Phase-III RS960 Deployment Status Report - Week 1
=================================================
Jordan Becker, ANS Mark Knopper, Merit
Summary
=======
- RS/960 Hardware Deployment
Early last Saturday morning, April 25, the first step of
the Phase-III RS960 DS3 upgrade to the T3 Backbone was completed.
The following T3 backbone nodes are currently running with new T3
hardware and software in a stable configuration:
Seattle POP: CNSS88, CNSS89, CNSS91
Denver POP: CNSS96, CNSS97, CNSS99
Regionals: ENSS141 (Boulder), ENSS142 (Salt Lake), ENSS143 (U. Washington)
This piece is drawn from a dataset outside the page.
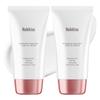 Whitening Milky Vely Tone-Up Cream 50ml X 2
This Friday night 5/1 and Saturday morning 5/2, the second step
will occur, with the following nodes being upgraded:
Los Angeles POP (barring rioting, etc.): CNSS16, CNSS17, CNSS19
San Francisco POP: CNSS8, CNSS9, CNSS11
Regionals: ENSS128 (Palo Alto), ENSS144 (NASA Ames/FIX-West),
ENSS135 (San Diego)
- Kernel Build and Routing Software Deployment
Early this morning (April 30), all of the network nodes were
upgraded with Build 2.78.22 and a new version of rcp_routed. Several
nodes (the Step 1 nodes and also the Ann Arbor ENSS) have been running
in this configuration since April 27. This software build includes
drivers for the RS/960 cards, and several bug fixes. The fixes include
reliability improvements to the FDDI software, notably a soft reset for
a hung card; and some additional improvements to the T960 ethernet and
T1 card support to fix a problem where the card could hang under a
heavy load. The rcp_routed change includes a fix to a problem that was
observed during RS/960 testing. The problem involved some aberrant
behavior of rcp_routed when a misconfigured regional peer router would
advertise a route via BGP to an ENSS whose next hop was the ENSS
itself. The old rcp_routed could go into a loop sending multiple
redirect packets out on to the subnet. The new rcp_routed will close
the BGP session if it receives an announcement of such a route. The
new rcp_routed software also has support for externally administered
inter-AS metrics, an auto-restart capability, and bug fixes for BGP
overruns with peer routers.
This deployment caused a few problems. One is that this
new feature of rcp_routed pointed out a misconfigured peer router
at Rice University in Houston. This caused the BGP connection to
open and close rapidly which caused further problems on the peer
router. Eventually the peer was reconfigured to remove the
bad route, which fixed the problem. Another problem was on the
Argonne ENSS. This node crashed in such a way that it was
not reachable and there was difficulty contacting the site to
reboot the machine. Once the reboot was done the ENSS came back
up running properly. We are looking into the cause of this crash,
as this is the first time this has happened in all of our testing
and deployment. The third problem was at the CoNCert ENSS, and
this node crashed in such a way that the unix file system was
completely lost, and this requires a complete rebuild of the
system. This problem has happened in two cases previously, and
seems to be related to an AIX problem rather than anything in
the new software build. It is an insidious problem since it
completely wipes out any trace of what may have caused it. We
continue to look into this.
In our view, none of these problems are severe enough
to call off the deployment of the RS/960 hardware upgrade on
the west coast Saturday morning. These problems aren't related
to the new hardware or software support for the new cards, but
seem to be problems in other parts of the new software build
or routing daemon. The following section details our experiences
of the first week's deployment. We believe we have an understanding
of the problems that occurred and have increased the number
of spare cards in the kits that the teams will take out to the
sites.
Summary of Week 1 (beginning 4/25) RS/960 Deployment
====================================================
Since the deployment, nodes CNSS88 and CNSS96 have been running
with mixed technology (i.e. 3xRS960 T3 interfaces, 1xHawthorne
T3 interface). Production traffic on the affected ENSS nodes was
cutover to the T1 backbone at 2:00 AM EST on 4/25. The Denver POP
nodes were returned to full service after approximately 10.5 hours and
Seattle after about 13 hrs of work.
The new software had been deployed on the affected nodes during the
prior week. The physical upgrade consisted of mechanical changes to the
RS6000 machines including (1) replacement of the RS6000 I/O planar, (2)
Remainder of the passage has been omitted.